Fielding Graduate University will feature a screening of the award-winning documentary The Pushouts (2018, dir. Katie Galloway) and a post film Q&A with Victor Rios and Rebeca Mireles-Rios from the film. This event, which is free and open to the public, takes place on Wednesday, January 15 at 3 pm at the Hilton Santa Barbara Beachfront Hotel, 633 E. Cabrillo Blvd. The film’s tagline: “People call them ‘dropouts.’ They tell a different story.”
After the hour-long film, Dr. Victor Rios and Dr. Rebeca Mireles-Rios (Victor’s partner both in life and in volunteering to run the 2013 YO!Watts intensive summer program) will take part in an on-stage conversation about the film, and about how identity, resilience, and community impact the field of psychology. For free tickets sign up at https://bit.ly/2OMRoxp
“I was in prison before I was even born.” So begins the story of Victor Rios—a high school dropout, gang member, and three-time felon by 15. But when a teacher’s quiet persistence, a mentor’s moral conviction, and his best friend’s murder converge, Rios’ path takes an unlikely turn. Two decades later Rios—by then a 36 year-old tenured UC professor, author and national thought leader on the school-to-prison pipeline—gets a call. “Hey, hotshot.” It’s Martín Flores, Rios’ high school mentor, who he hasn’t heard from in 15 years. “I know you’re busy, but I need you to come down to Watts this summer and work with my kids.” It’s a make it or break it moment for these youth, Flores—who directs a program serving 16 to 24 olds who haven’t finished high school—warns. As he puts it, “We get them on the right path now, or we lose them to the system.” Woven with archival material stretching back 25 years to Rios’ own troubled adolescence and including the contemporary story of this fateful summer in Watts, The Pushouts examines crucial questions of race, class, power, and the American dream at a particularly urgent time.

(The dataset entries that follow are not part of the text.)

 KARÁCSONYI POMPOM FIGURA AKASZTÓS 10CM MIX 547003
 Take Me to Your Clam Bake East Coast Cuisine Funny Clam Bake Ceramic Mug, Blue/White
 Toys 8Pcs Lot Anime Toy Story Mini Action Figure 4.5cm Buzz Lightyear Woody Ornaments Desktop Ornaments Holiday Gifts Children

Victor Rios is a Professor in the Department of Sociology. His work analyzes the role of social control and education in determining the well-being of young people living in urban marginality; tracks the social consequences of the punitive state and punitive social control-across institutional settings; and examines young people’s resilience and responses to social marginalization. He uses insight from his research to promote equitable policies and develop programs to improve the lives of marginalized youths.
Rios’s book Punished: Policing the Lives of Black and Latino Boys (NYU Press, 2011), analyzes how juvenile crime policies and criminalization affect the everyday lives of urban youth. Punished won the Oliver Cromwell Cox Book Award from the American Sociological Association, Section on Racial and Ethnic Minorities, among other honors.

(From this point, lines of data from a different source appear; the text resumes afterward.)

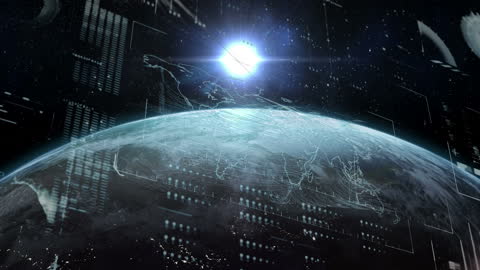 Digital Data Streams Extending Over Earth in Futuristic Design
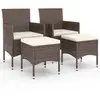 Image de vidaXL Ensemble de 4 chaises et tabourets de jardin en poly rotin brun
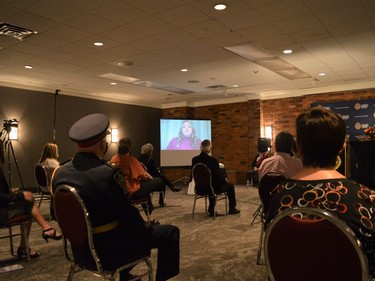 The small group of in-person attendees at the Change of Command ceremony watched as local dignitaries shared messages of congratulations on Friday October 22, 2021 in Cornwall, Ont. Shawna O'Neill/Cornwall Standard-Freeholder/Postmedia Network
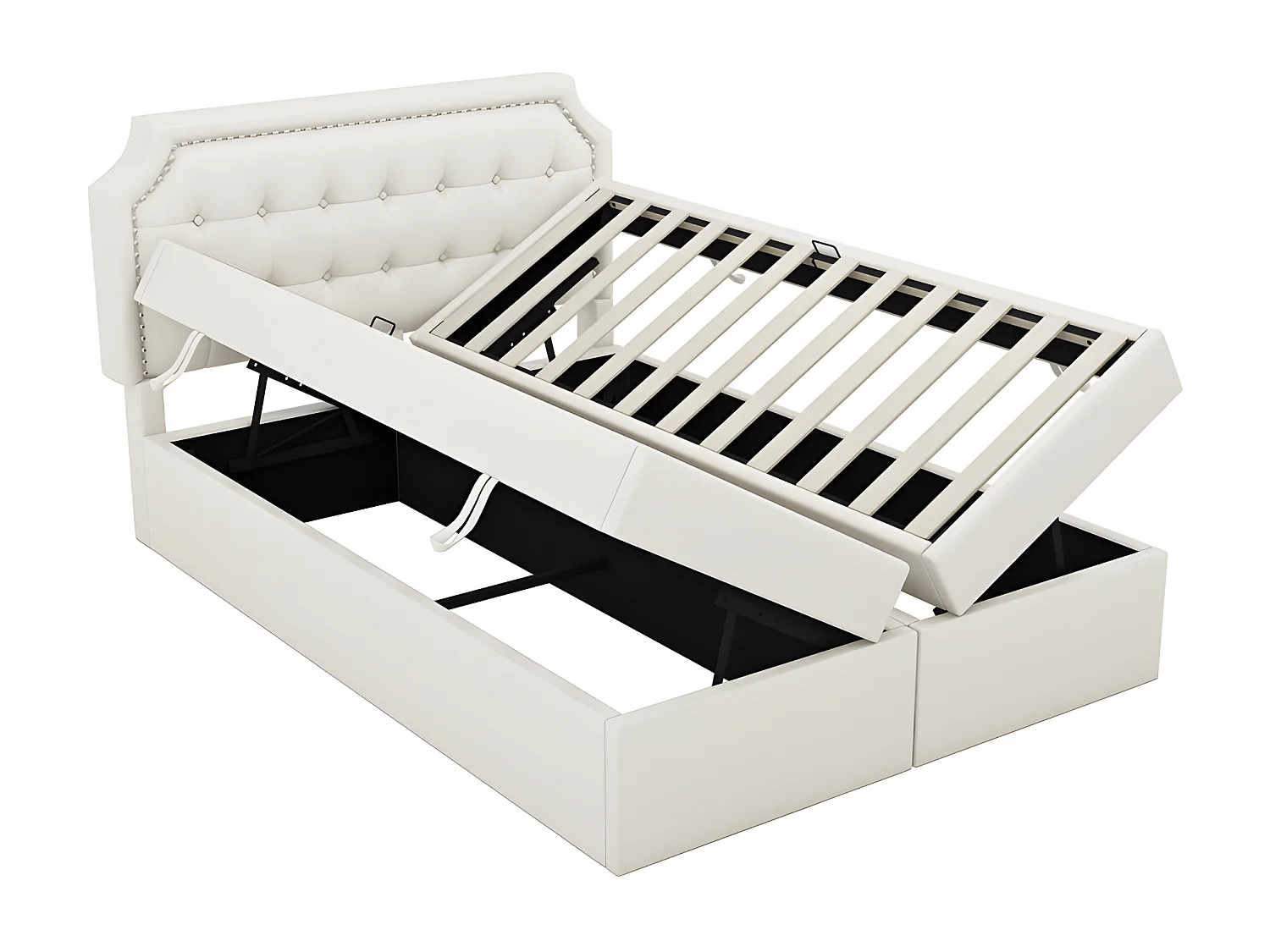 Opbergbed 140x200cm bekleed met kunstleer - aan beide zijden open - Wit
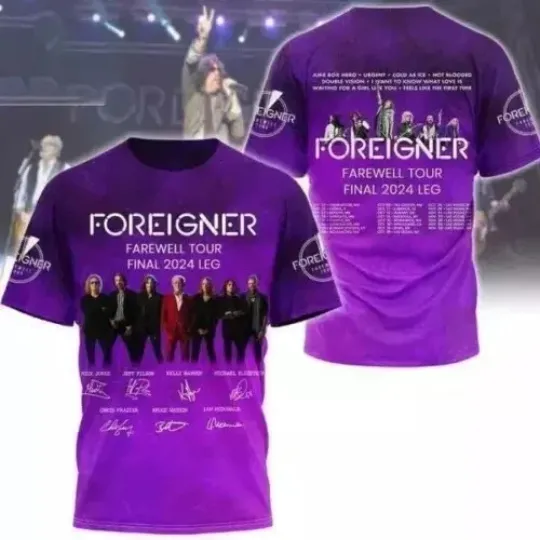 Discover T Shirt 3D Music Lover Foreigner Tour Final 2024 Foreigner T Shirt UM477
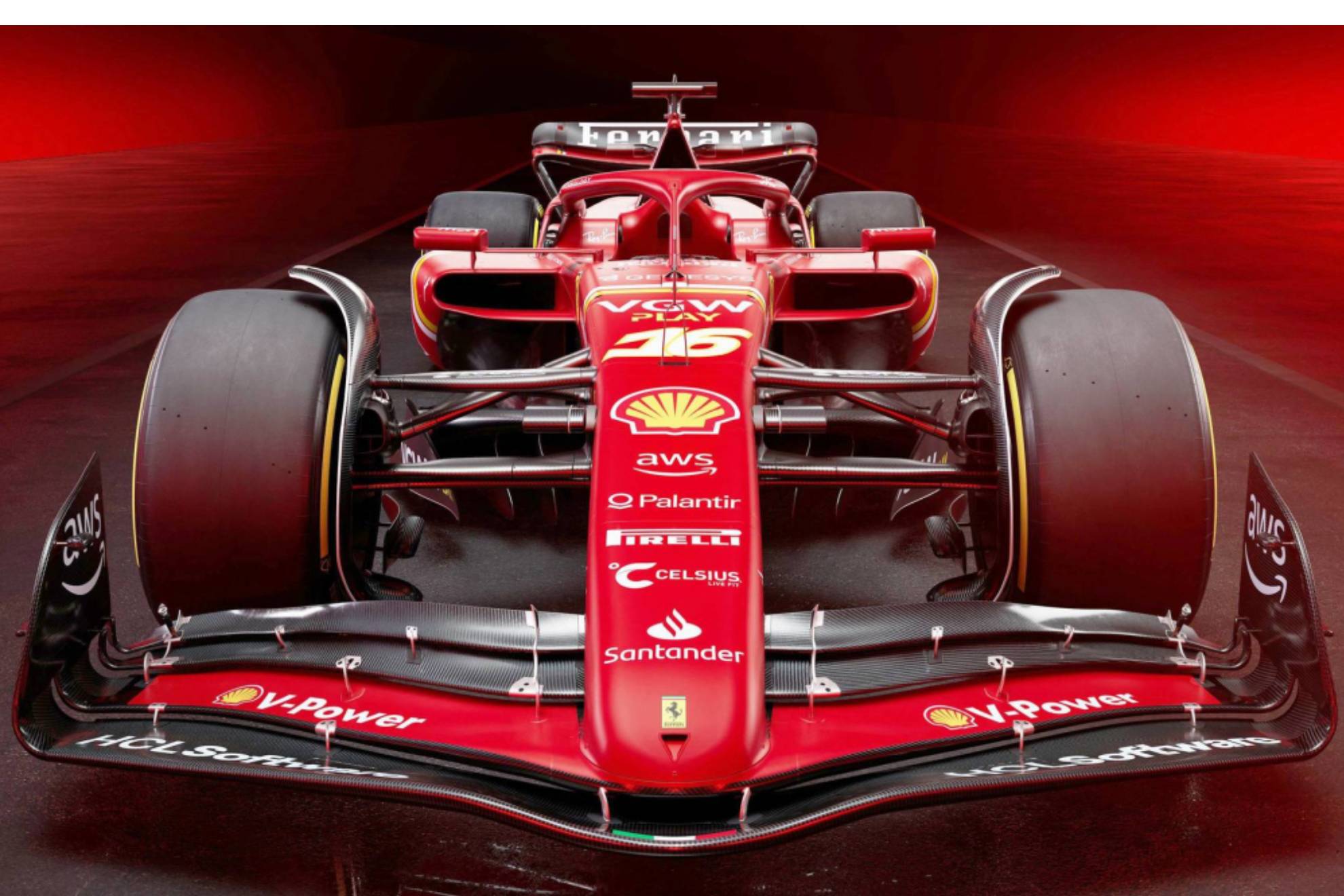 Frontal del Ferrari SF.24 con el 'pull-rod' que cambiará en 2025.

In his latest book Human Targets: Schools, Police, and the Criminalization of Latino Youth (University of Chicago Press, 2017) Rios finds the traditional good kid/bad kid, street kid/decent kid dichotomy is much too simplistic, arguing instead that authorities and institutions help create these identities—and that they can play an instrumental role in providing young people with the resources for shifting between roles. He finds that to be a poor Latino youth is to be a human target—victimized and considered an enemy by others, viewed as a threat to law enforcement and schools, and burdened by stigma, disrepute, and punishment.

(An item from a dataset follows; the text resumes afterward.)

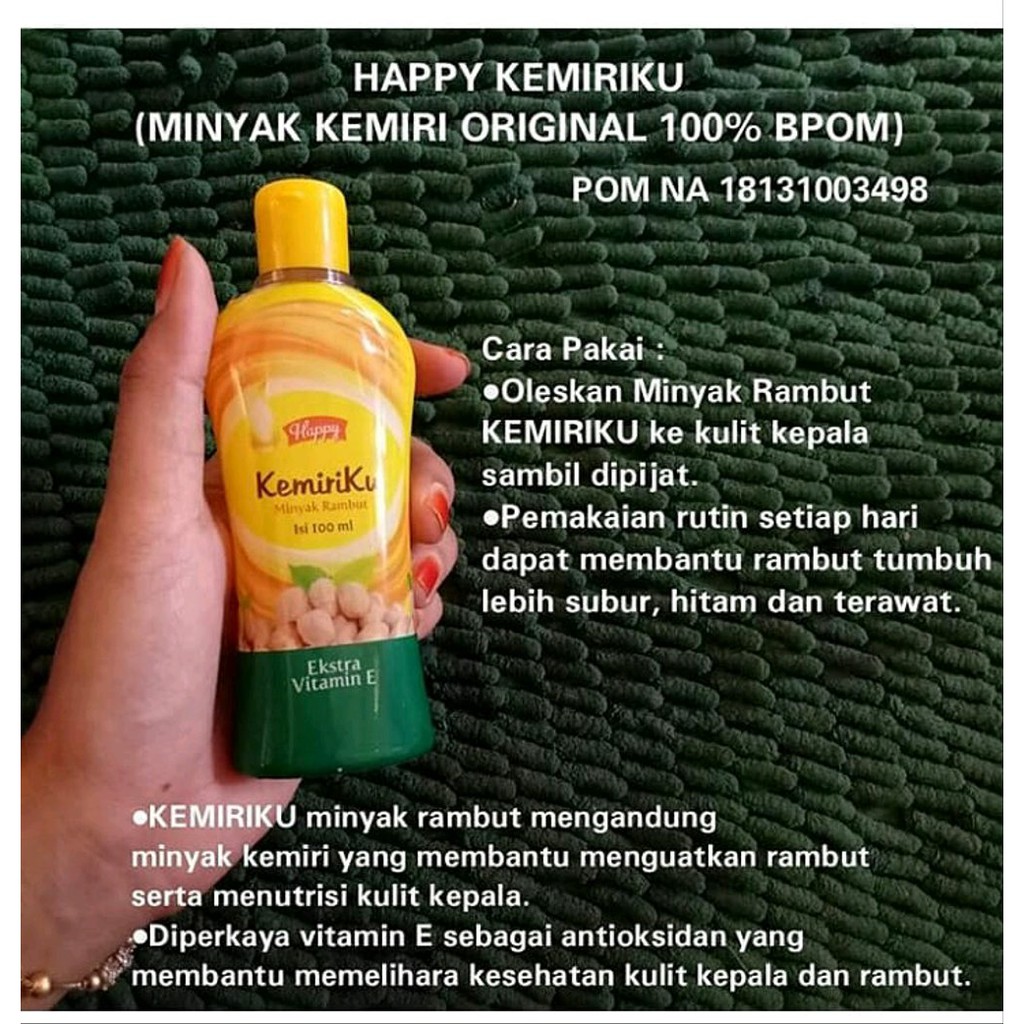 Happy Kemiriku Minyak Rambut 100ml / FORA Minyak Kemiri - Original BPOM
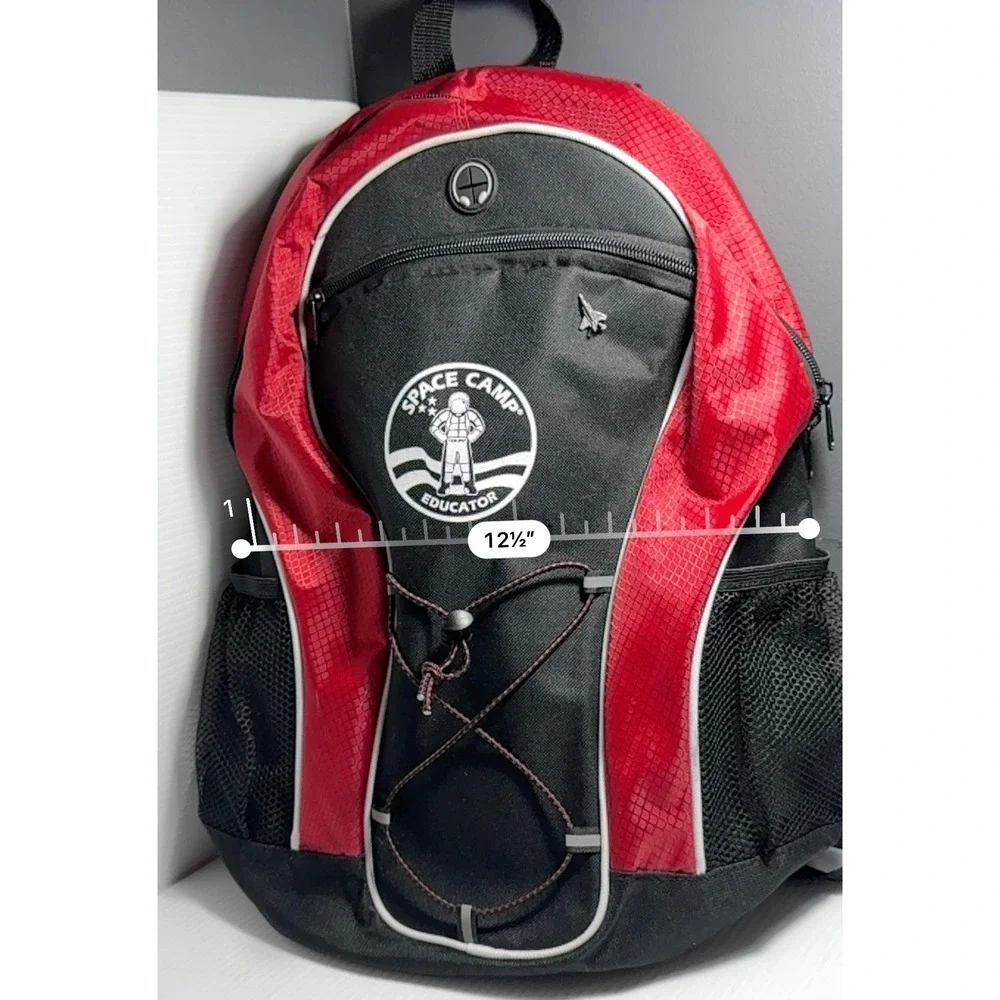 Vintage Space Camp Educator Backpack Red Black Nylon Laptop Bag Jet Pin 16x12.5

His Ted Talk “Help for the Kids the Education System Ignores” has garnered over 1.3 million views. In 2018 Rios was one of two nominees for Vice President of the American Sociological Association.
Rebeca Mireles-Rios is an Assistant Professor in the Gevirtz School’s Department of Education specializing in child and adolescent development. She received her K-8 Multiple Subject Teaching Credential and MA from UC Berkeley. Prior to receiving her Ph.D., Dr. Mireles-Rios was a middle school teacher in Berkeley Unified School District for numerous years. Dr. Mireles-Rios’ research examines the educational expectations of Latina/o students and the connection to parent and teacher support. She studies Latina/o adolescents perceptions of teacher support; the role of maternal expectations on education communication; and student trajectories into higher education. She looks at the inequalities in educational outcomes to understand the processes that can potentially increase Latina/o high school student college enrollment and retention rates.